A scientific commonplace is that the human organism is a complex communications system. Within the body, the network of nervous system and brain communicates or transmits information through a series of electrical channels compared to telephone wires or computer processors.1 Such comparisons have resonated with portrayals of networked communications technologies as an “extension” of the human nervous system in certain strands of media theory and cultural studies. Following Marshall McLuhan’s decades-old pronouncement of a new “global consciousness,” the imagined melding of individual subjectivity with the network of electric and electronic communications media has symbolized the evolution to a new technological identity frequently identified as the posthuman or the cyborg. And for many writers theorizing this new identity, the cyborg has signified either a more democratic future or an imminent disintegration of morals and community engagement. These predictions, however, are contingent upon a history of metaphors, and their apparent certainty has been reinforced by a discursive tradition that has defined the laws of matter and motion since at least the early modern period when the human body was first imagined as a machine.
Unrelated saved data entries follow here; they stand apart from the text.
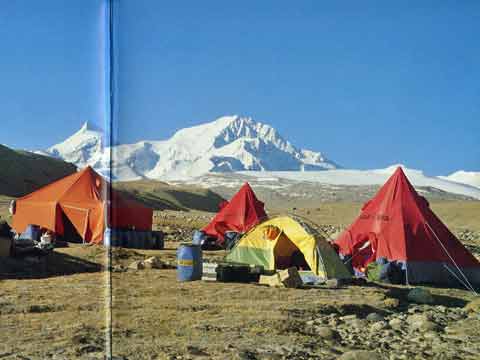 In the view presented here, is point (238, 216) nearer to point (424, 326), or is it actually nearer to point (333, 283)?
point (333, 283)

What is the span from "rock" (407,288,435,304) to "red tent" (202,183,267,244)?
510 inches

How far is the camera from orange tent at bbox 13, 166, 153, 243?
20.6m

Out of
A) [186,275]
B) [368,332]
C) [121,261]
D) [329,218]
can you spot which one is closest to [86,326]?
[368,332]

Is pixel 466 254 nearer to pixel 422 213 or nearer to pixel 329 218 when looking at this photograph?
pixel 422 213

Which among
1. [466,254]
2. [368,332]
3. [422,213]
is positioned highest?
[422,213]

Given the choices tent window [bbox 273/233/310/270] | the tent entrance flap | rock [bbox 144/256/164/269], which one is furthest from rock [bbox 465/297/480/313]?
the tent entrance flap

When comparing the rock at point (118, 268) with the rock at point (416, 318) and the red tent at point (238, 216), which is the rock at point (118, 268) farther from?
the red tent at point (238, 216)

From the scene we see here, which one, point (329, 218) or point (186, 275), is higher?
point (329, 218)

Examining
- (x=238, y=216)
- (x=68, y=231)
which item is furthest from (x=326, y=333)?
(x=238, y=216)

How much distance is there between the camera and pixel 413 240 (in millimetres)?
14750

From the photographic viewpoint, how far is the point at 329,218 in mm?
64188

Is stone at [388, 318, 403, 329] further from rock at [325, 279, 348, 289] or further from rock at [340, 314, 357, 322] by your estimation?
rock at [325, 279, 348, 289]

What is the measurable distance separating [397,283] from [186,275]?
202 inches

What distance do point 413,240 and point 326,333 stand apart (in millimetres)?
7541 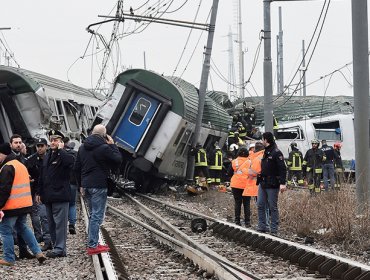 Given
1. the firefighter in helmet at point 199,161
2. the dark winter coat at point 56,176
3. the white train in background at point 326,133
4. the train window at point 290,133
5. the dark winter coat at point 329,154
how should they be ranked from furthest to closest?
the train window at point 290,133 → the white train in background at point 326,133 → the firefighter in helmet at point 199,161 → the dark winter coat at point 329,154 → the dark winter coat at point 56,176

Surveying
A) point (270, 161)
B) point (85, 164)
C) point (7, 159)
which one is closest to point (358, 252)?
point (270, 161)

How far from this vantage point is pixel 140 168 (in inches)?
→ 766

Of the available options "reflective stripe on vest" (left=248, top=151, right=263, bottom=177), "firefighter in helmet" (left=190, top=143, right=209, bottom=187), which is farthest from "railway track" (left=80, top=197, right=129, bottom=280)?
"firefighter in helmet" (left=190, top=143, right=209, bottom=187)

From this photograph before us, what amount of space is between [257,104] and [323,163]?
41.2ft

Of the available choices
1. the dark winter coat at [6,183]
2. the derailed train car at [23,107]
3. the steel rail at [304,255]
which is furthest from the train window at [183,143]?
the dark winter coat at [6,183]

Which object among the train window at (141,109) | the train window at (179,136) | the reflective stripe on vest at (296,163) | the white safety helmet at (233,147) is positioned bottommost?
the reflective stripe on vest at (296,163)

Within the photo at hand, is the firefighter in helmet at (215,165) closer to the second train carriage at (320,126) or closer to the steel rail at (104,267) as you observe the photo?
the second train carriage at (320,126)

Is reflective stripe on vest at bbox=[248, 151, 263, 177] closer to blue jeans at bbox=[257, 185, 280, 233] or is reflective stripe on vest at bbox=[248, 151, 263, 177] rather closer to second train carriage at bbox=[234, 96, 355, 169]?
blue jeans at bbox=[257, 185, 280, 233]

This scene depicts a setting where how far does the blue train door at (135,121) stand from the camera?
19250 millimetres

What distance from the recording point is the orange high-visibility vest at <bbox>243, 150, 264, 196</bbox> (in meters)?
12.5

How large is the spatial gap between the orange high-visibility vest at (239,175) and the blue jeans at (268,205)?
966 millimetres

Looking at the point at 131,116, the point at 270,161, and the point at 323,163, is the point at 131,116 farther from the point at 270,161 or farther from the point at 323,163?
the point at 270,161

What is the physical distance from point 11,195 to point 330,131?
2140cm

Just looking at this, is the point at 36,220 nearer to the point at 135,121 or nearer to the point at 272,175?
the point at 272,175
The “posthuman cyborg” is a descendent of the man-machine, not merely because the mechanistic philosophy made simplistic and ultimately unsatisfactory comparisons of clockwork mechanisms to organic ones. Most particularly, we should understand the cyborg and its historical counterpart in the early modern man-machine as steered organisms, whose functions depend upon the transmission of messages. The speculations upon the government of cyborg individuals and cyborg society that were especially common in the 1980s and 1990s have a lexical history in early modern representations of the man-machine’s knowledge, judgment, and will as a function of control and communications.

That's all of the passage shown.